Tesla’s much-hyped robotaxi service launched in Austin on Sunday, but with Tesla employees in the passenger seat due to safety concerns.
According to an announcement reported by invite-only passengers, safety drivers will be on board the Model Y cars, with the ability to steer or stop the vehicles if needed. Rides will also reportedly be limited to 6 am to midnight and operate within a restricted area of Downtown Austin in order to avoid complex and difficult intersections.
The cars will be running a new version of Tesla's FSD (Full Self-Driving) Unsupervised software, which relies on eight external cameras attached around the vehicle. That’s unlike Waymo’s robotaxis, which already operate in Austin and have multiple lidar sensors, six radars, and 29 cameras that protrude off the vehicles. Tesla rides will be unavailable in inclement weather as rain can obscure some of its cameras.
The Tesla fleet will start out small and be open only to invited passengers using an app. In an interview with CNBC in May, CEO Elon Musk said the Austin robotaxi service will start with around 10 vehicles before expanding to "thousands" of vehicles, should the launch go smoothly. Musk said Tesla will bring its robotaxis to Los Angeles and San Francisco after the Austin debut.
On Sunday, Musk offered some congratulations on the launch.
"Super congratulations to the @Tesla_AI software & chip design teams on a successful @Robotaxi launch!!" Musk wrote on social platform X. "Culmination of a decade of hard work. Both the AI chip and software teams were built from scratch within Tesla."
Last week, state lawmakers called on Tesla to pause its robotaxi plans in Austin. State Sen. Sarah Eckhardt and six other Texas Democrats urged Tesla to wait until September, when a new state law takes effect.
Under that law, autonomous vehicles will have to be able to comply with traffic laws, and they must have a recording device on board. They also will need to be capable of minimizing risk if the automated driving system breaks.
Additionally, operators must submit a “First Responder Interaction Plan” to the Texas Department of Public Safety, detailing how first responders should interact with the autonomous vehicles, including how to communicate with fleet support, safely remove or tow vehicles, and recognize whether a vehicles is being operated with the automated driving system engaged.
Musk bets cabs will give Tesla a lift after boycotts and sales plunge
Musk promised in 2019 that driverless Tesla robotaxis would be on the road “next year,” but it didn’t happen. A year later, he promised to deliver them the next year, but that didn’t happen either.
Despite the empty pledges the promises kept coming. Last year in January, Musk said, “Next year for sure, we’ll have over a million robotaxis.”
The stakes couldn't be higher, nor the challenges.
While Musk was making those “next year” promises, rival Waymo was busy deploying driverless taxis in Los Angeles, San Diego, Austin, and other cities by using a different technology that allowed it to get to market faster. It just completed its 10 millionth paid ride.

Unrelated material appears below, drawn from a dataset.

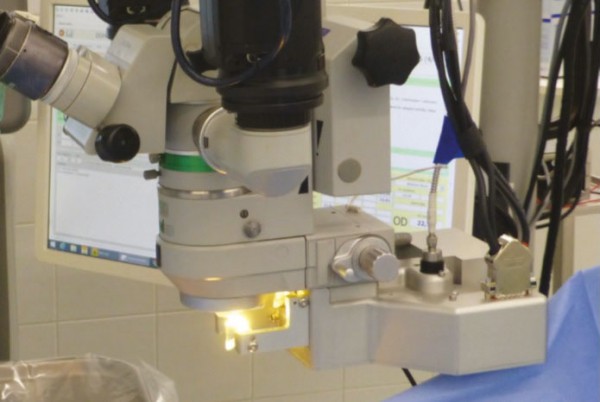 El dispositivo CapsuLaser™ se monta en el microscopio.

Boycotts related to Musk's politics have tanked Tesla's sales. Rival electric vehicle makers with newly competitive models have stolen market share. And investors are on edge after a $150 billion stock wipeout when Musk picked a social media fight with President Donald Trump, who was overseeing federal car regulators who could make the robotaxi rollout much more difficult. The stock has recovered somewhat after Musk said he regretted some of his remarks.
Tesla shareholders have stood by Musk over the years because he’s defied the odds by building a successful standalone electric vehicle company — self-driving car promises aside — and making them a lot of money in the process. A decade ago, Tesla shares traded for around $18. The shares closed Friday at $322.
Some Musk watchers on Wall Street are skeptical.
“How quickly can he expand the fleet?” asks Garrett Nelson, an analyst at CFRA. “We're talking maybe a dozen vehicles initially. It's very small."
Morningstar's Seth Goldstein says Musk is being classic Musk: Promising too much, too quickly.
“When anyone in Austin can download the app and use a robotaxi, that will be a success, but I don't think that will happen until 2028," he says. “Testing is going to take a while.”
Musk's tendency to push up the stock high with a bit of hyperbole is well known among investors.
In 2018, he told Tesla stockholders he had “funding secured” to buy all their shares at a massive premium and take the company private. But he not only lacked a written commitment from financiers, according to federal stock regulators who fined him, he hadn't discussed the loan amount or other details with them.
More recently, Musk told CNBC in May that Tesla was experiencing a “major rebound” in demand. A week later an auto trade group in Europe announced sales had plunged by half.
Musk has come under fire for allegedly exaggerating the ability of the system used for its cars to drive themselves, starting with the name. Full Self-Driving is a misnomer. The system still requires drivers to keep their eyes on the road because they may need to intervene and take control at any moment.